By Kevin Murphy
KANSAS CITY, Mo (Reuters) - Officials reassured parents on Wednesday that the Kansas City School District's loss of accreditation will not keep students from getting high school diplomas.
The state of Missouri has announced it will remove the district's accreditation on January 1 because of chronic low performance scores on standardized tests. The district has been provisionally accredited since 2002 and now has two years to regain accreditation.
Interim Superintendent R. Stephen Green said the loss of accreditation was disappointing though understandable.

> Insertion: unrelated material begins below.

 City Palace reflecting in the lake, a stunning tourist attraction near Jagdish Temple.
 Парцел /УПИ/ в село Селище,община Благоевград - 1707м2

He sees it as a challenge to the district.
"Student achievement remains our top priority and we will couple with this a focus on restoration and recovery of our accreditation status," Green said in a district news release. "We can, and we will, bounce back from this setback."
The district set up a phone bank Wednesday to answer questions about the loss of accreditation and will hold town hall meetings Wednesday and Thursday evenings to discuss its impact.
"Parents are worried about how this will affect their children," Eileen Houston-Stewart, executive director of public relations for the district, said Wednesday.
Parents who called the phone bank Wednesday were mainly concerned about whether students will be able to graduate with diplomas next spring and beyond, Houston-Stewart said.
Individual schools in the district remain accredited, Houston-Stewart said. District accreditation is a separate process, she said.
"Any children who graduate and meet all the course work requirements will graduate with a valid diploma," Houston-Stewart said.
Parents also questioned if they could enroll their children in other public school districts because of the loss of accreditation, Houston-Stewart said.
That remains uncertain, she said, in light of a court challenge to a state law regarding transfers in St. Louis, which also lost its accreditation.
The Kansas City School Board has approved a two-year turn-around plan to regain accreditation. It outlines goals for the board, teachers and students to improve student achievement and district accountability. If the plan fails, the state could take over the district.
"We are on the right track and we will keep working on this plan," Houston-Stewart said. "Parents have a role to play, too. We all have a stake in this."